В этих старинных стенах архивисты — старожилы. Еще в 1872 году в здание костела Святого Иосифа минского монастыря бернардинцев заселился Архив упраздненных судебных мест Минской губернии. А в 1920–х годах здесь начинала первые шаги белорусская архивная служба. Побывали тут Центральный архив Октябрьской революции и социалистического строительства, Государственный исторический архив Минской области… Нынче здесь находится Белорусский государственный архив литературы и искусства, отмечающий свое 50–летие.

Ничего случайного в нашей жизни не бывает, особенно в этих могучих, пропитанных духом веков стенах… Когда дочь Каруся Каганца Галина передала сюда документы отца, там обнаружился блокнот с прощальными автографами повстанцев, которые были заключены в здании монастыря и ожидали приговора. Директор архива–музея Анна Запартыка в таком совпадении усматривает что–то мистическое.
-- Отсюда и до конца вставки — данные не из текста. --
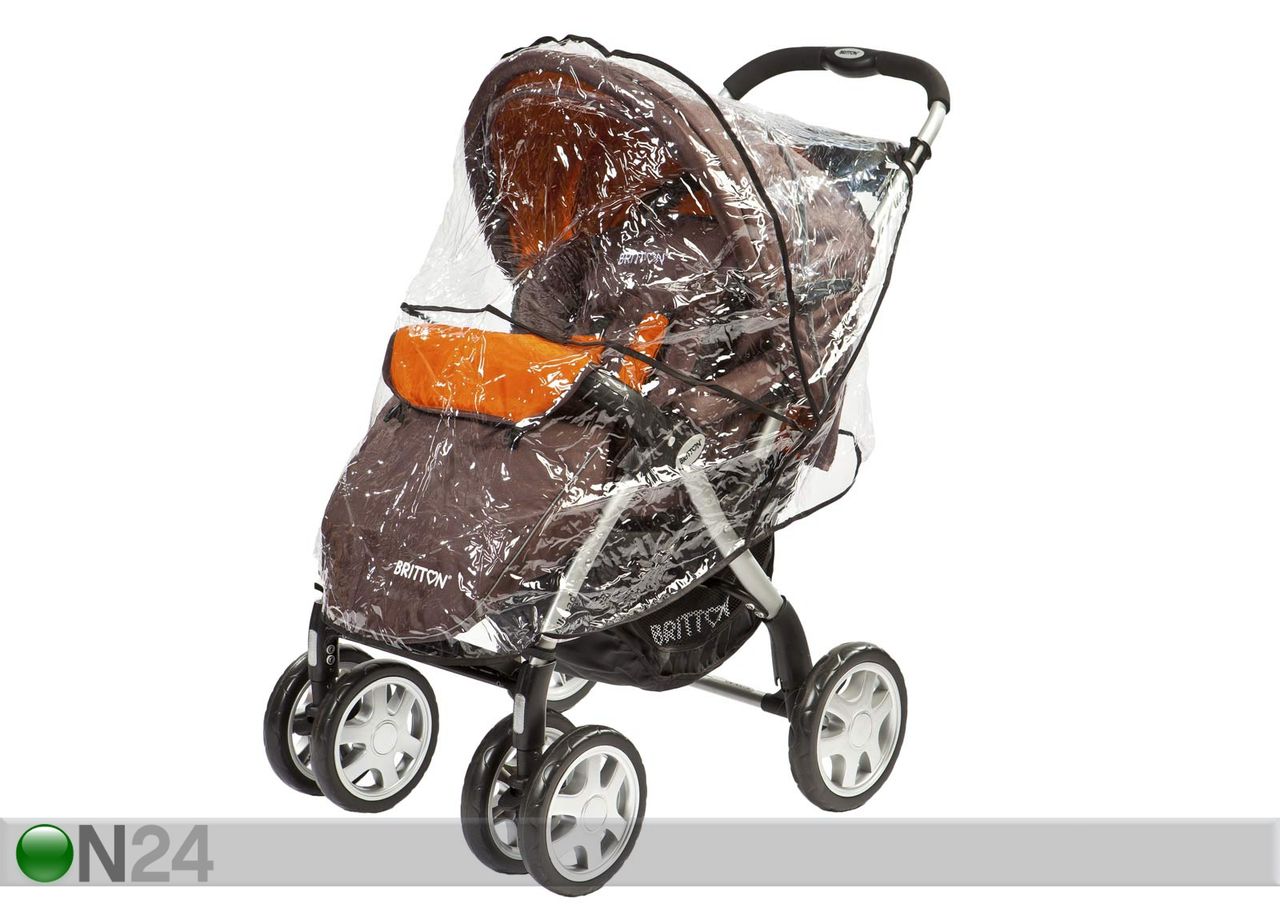 Rattaat BRITTON ALLROAD kuvasuurennos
А какие открытия случаются сегодня?

— Хотя мы и привыкли к редким документам, но попадаются и такие, которые удивляют, — говорит Анна Вячеславовна. — Совсем недавно разобрали архив, можно сказать, нашего современника — писателя и литературоведа Рыгора Семашкевича. Он всю жизнь собирал редкие рукописи, скопировал много документов, хранившихся в архивах по всему Советского Союзу… Титаническая работа! В его фонде нашли рукопись стихотворения поэта XIX века Иохима Томашевича «Езусу Цветинскому скарга на Довмонтов». Нашли и уникальные выписки из литовских архивов, касающиеся поэта Адама Гуриновича и его друзей по Виленскому реальному училищу. Еще один уникальный архив, который недавно обработан, — Веры Андреевны Нижанковской, жены Бронислава Тарашкевича. Она и сама была деятелем культуры, краеведом. Вот сами посмотрите, насколько переплетены известные роды! Вера Нижанковская — дочь Андрея Снитки, археолога, историка, одного из основателей Минского церковно–исторического музея. А кроме того, потомок семьи Кукольников.
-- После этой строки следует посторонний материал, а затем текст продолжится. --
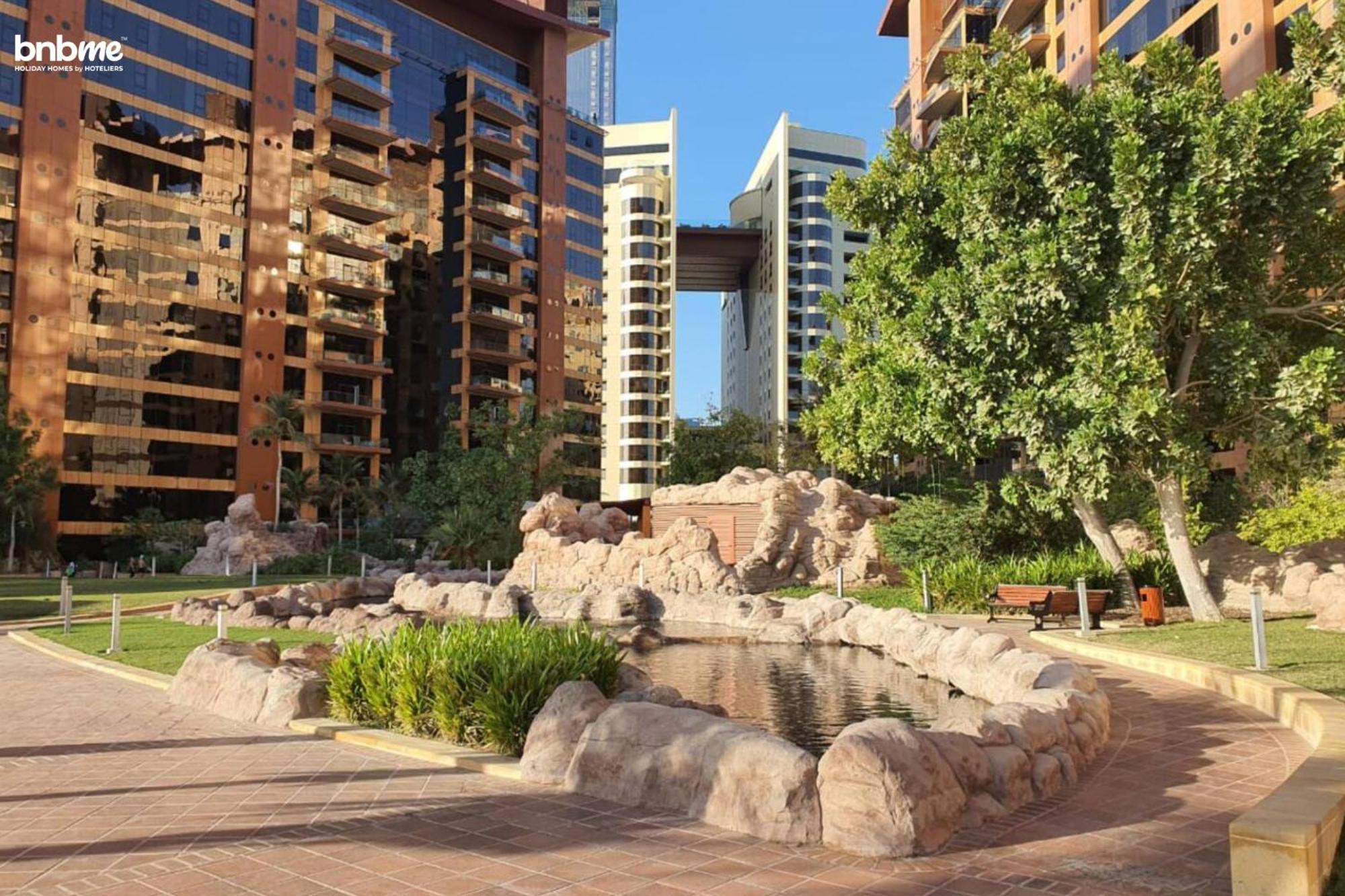 Bnbmehomes - Tiara Tanzanite Dubai Exterior photo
— Да, модный поэт, он в свое время считался талантливее самого Пушкина. А его брат Павел Кукольник — известный виленский цензор. А еще Нижанковская была племянницей белорусского литератора и общественного деятеля Александра Власова. Игнат Кончевский, автор философского исследования «Даследзiны беларускага светагляду», тоже из этого рода. Вера Андреевна составляла свою родословную, собирала документы, связанные с жизнью семьи. Есть в ее фонде фотоальбом XIX века, принадлежавший ее тете, которая была замужем за русским культурным и общественным деятелем А.Жиркевичем, другом Ильи Репина. Еще из последних поступлений — фонд Ванды Дзержинской, родной племянницы Янки Лучины, привезенный из Польши.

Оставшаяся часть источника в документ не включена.